Sesungguhnya di antara tanda-tanda cinta kepada dunia adalah mencintai ahli dunia (orang kaya), menjilat mereka, saling mencintai, dan tidak mengingkari terhadap kemunkaran mereka. Sufyan ats-Tsauri memperkuat ungkapan tersebut dengan perkataan-nya, “Sungguh aku mengetahui seseorang mencintai dunia dari penyerahan dirinya kepada penduduk dunia.”[2]
Lihatlah seorang fakir yang shalih dan selalu menjaga kehormatannya… orang yang mencintai dunia sama sekali tidak mau berbicara dengannya. Bahkan jika mengucapkan salam pun, dia mengucapkannya dengan salam yang penuh dengan rasa takut bahwa kefakirannya akan menular kepadanya… sebuah salam yang hanya diucapkan dengan ujung jari dan pertanyaan akan keadaannya pun diucapkan dengan muka yang masam tanpa adab.
Wahai saudaraku! Lihatlah ke sebelah kanan bagaimana mereka semua berdiri? Mereka semua menyambut siapa yang datang? Ternyata yang datang adalah penduduk dunia, orang kaya, yaitu orang-orang yang penuh dengan dinar dan dirham… walaupun kenyataannya mereka sama sekali tidak shalat.
Bahkan mungkin saja telinga mereka tuli, hidung mereka tersumbat, dan perbuatan mereka sangat buruk. Akan tetapi lihatlah perbedaan antara orang yang jika bersumpah kepada Allah, maka keinginannya itu akan dikabulkan, kenapa mereka tidak menanyakannya jika dia tidak ada atau sebaliknya? Bandingkanlah ia dengan seseorang yang sama sekali tidak sebanding dengan satu sayap lalat pun disisi Allah, bagaimana mereka semua menyambutnya? Itulah dunia….
Ketahuilah sesungguhnya dunia itu tidak kekal dan manusia hanyalah berita bagi mereka yang hidup setelahnya.

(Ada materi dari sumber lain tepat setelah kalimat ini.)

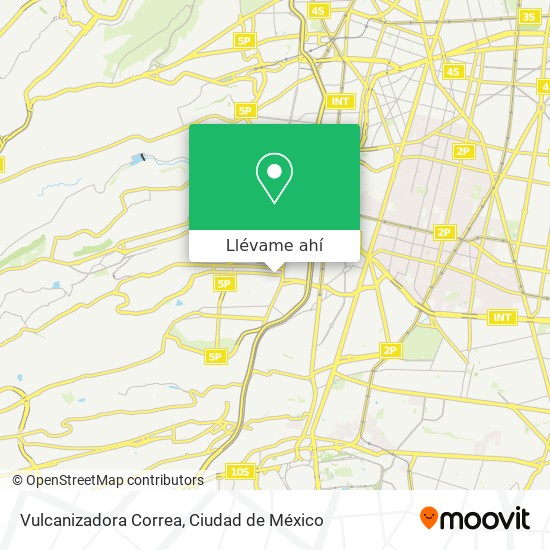 Mapa de Vulcanizadora Correa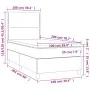 Box spring bed with cappuccino synthetic leather mattress 100x200cm by vidaXL, Beds and slatted bases - Ref: Foro24-3142772, ...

‘Abdullah bin ‘Aun berkata, “Sesungguhnya orang-orang sebelum kita menyempatkan kehidupannya untuk dunia dengan sisa hidupnya untuk akhirat, sedangkan kalian menyempatkan kehidupan kalian untuk akhirat dengan sisa hidup kalian untuk dunia.”[3]
Saudaraku sesama muslim!
Sesungguhnya umur dunia itu sangatlah pendek dan orang yang paling kaya di dalamnya adalah orang yang fakir. Aku melihatmu seakan-akan berada di halaman kematian, bau pengasingan telah kucium sebelum engkau melakukan perjalanan. Aku melihat tanda keyatiman pada diri seorang anak sebelum ayahnya meninggal, karena itu bangunlah dari lingkaran kelalaian! Berhati-hatilah dari sikap mabuk terhadap dunia dan hilangkanlah kecintaan akan dunia pada dirimu, karena seorang hamba jika me-mejamkan matanya dan pergi, maka dia akan mengharapkan untuk kembali. Lalu dikatakan kepadanya, “Sama sekali tidak mungkin.”[4]

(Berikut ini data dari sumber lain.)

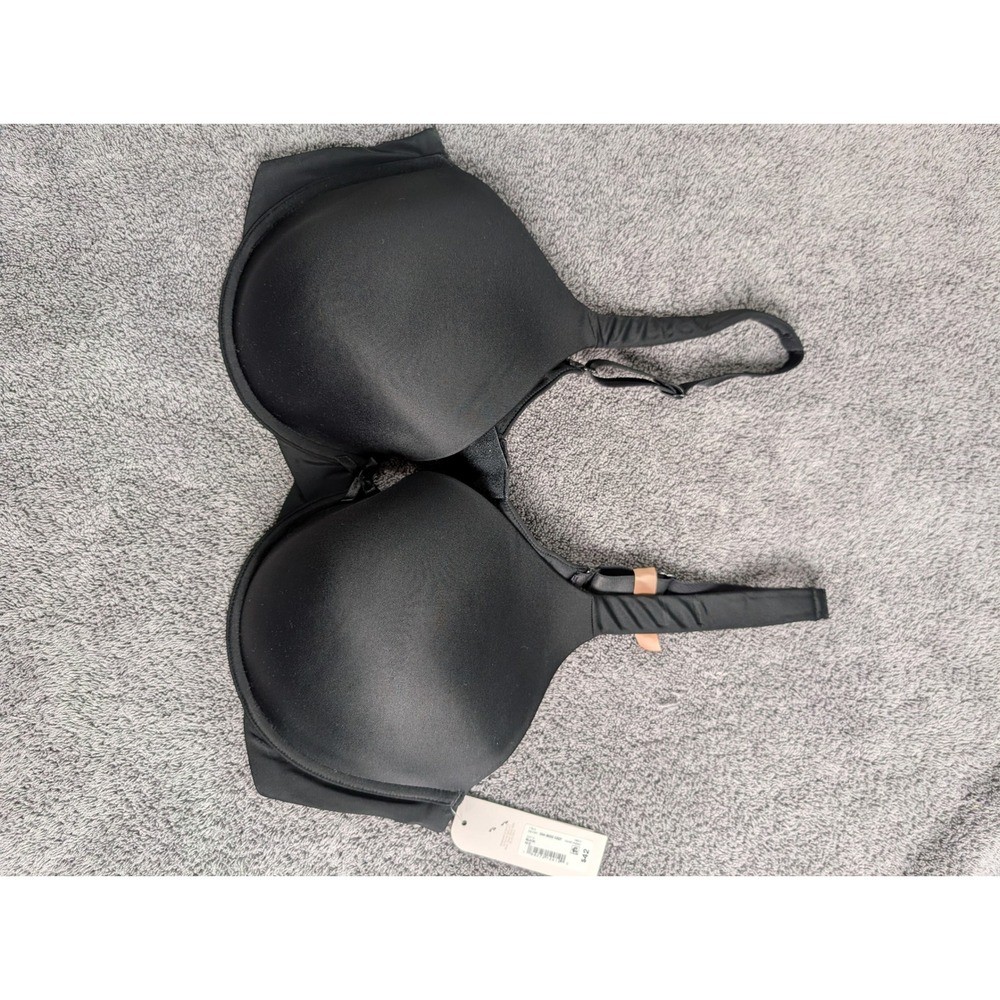 Ambrielle Everyday Full Coverage Bra 42D Black Underwire Padded 302716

Suatu hari dalam kehidupan manusia dunia itu akan pergi, sedangkan akhirat akan datang… sesuatu yang sebelumnya jauh akan menjadi dekat… dan sesuatu yang engkau lihat dari orang-orang yang telah pergi meninggalkan dunia akan dilihat pula oleh orang yang hidup dalam dirimu sendiri… kematian yang tiba-tiba atau penyakit yang menyerang… atau engkau berada di atas tempat tidur, dan tak lama kemudian engkau dalam kelalaian dibawa ke kuburan… semuanya adalah pelajaran yang dapat disaksikan, sedangkan kita tertidur.
Celakalah bagi orang yang mencari dunia fana,
padahal apa yang dia lakukan seakan-akan hanyalah mimpi.

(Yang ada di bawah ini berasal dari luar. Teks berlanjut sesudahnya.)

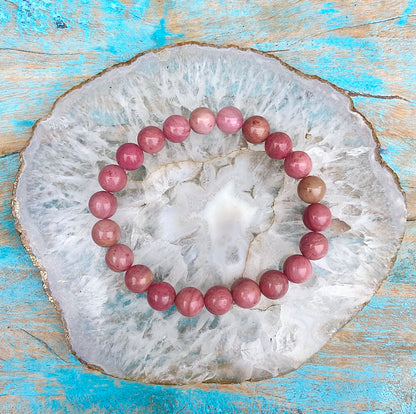 Rhodochrosiet armband "Voorouder Energie"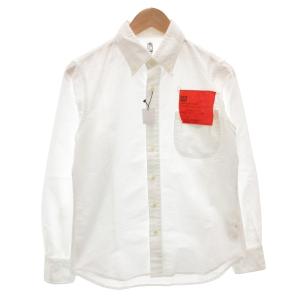 タグ付き オックスフォードシャツ 長袖 ボタンダウン BD S 白 ホワイト BS230151-101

Yang jernih darinya keruh, yang indah darinya mencelakakan,
yang aman darinya adalah tipuan dan cahayanya adalah kegelapan.
Masa mudanya adalah tua, kesenangannya adalah sebuah kesengsaraan,
kenikmatannya adalah sebuah kesengsaraan dan adanya adalah sebuah ketiadaan.
Ahli dunia tidak akan sadar dari kekerasannya,
walaupun dia memiliki apa yang dikumpulkan oleh Iram (suatu bangsa).
Tinggalkanlah ia dan janganlah engkau condong kepada kemegahannya,
karena sesungguhnya ia adalah sebuah kenikmatan di balik kesengsaraan.
Dan bekerjalah engkau untuk sebuah alam kenik-matan yang tidak ada akhir,
tidak akan ada mati dan masa tua yang ditakuti di dalamnya.[5]
Abu Hazim berkata, “Barangsiapa yang mengenal dunia, niscaya dia tidak akan senang dengan kemegahan yang ada di dalamnya dan tidak akan bersedih dengan bencana yang ada di dalamnya.”
‘Ali bin Abi Thalib Radhiyallahu ‘anhu berkata, “Siapa yang menyatukan enam hal dalam dirinya, berarti dia tidak meninggalkan satu jalan pun menuju Surga dan satu pintu pun untuk lari dari Neraka.
(1) Orang yang mengenal Allah dan mentaati-Nya,
(2) Orang yang mengenal syaitan dan menjauhinya,
(3) Orang yang mengenal kebenaran dan mengikutinya,
(4) Orang yang mengenal kebathilan dan menjaga diri darinya,
(5) Orang yang mengenal dunia dan menolaknya, dan
(6) Orang yang mengenal akhirat dan mencarinya.”[6]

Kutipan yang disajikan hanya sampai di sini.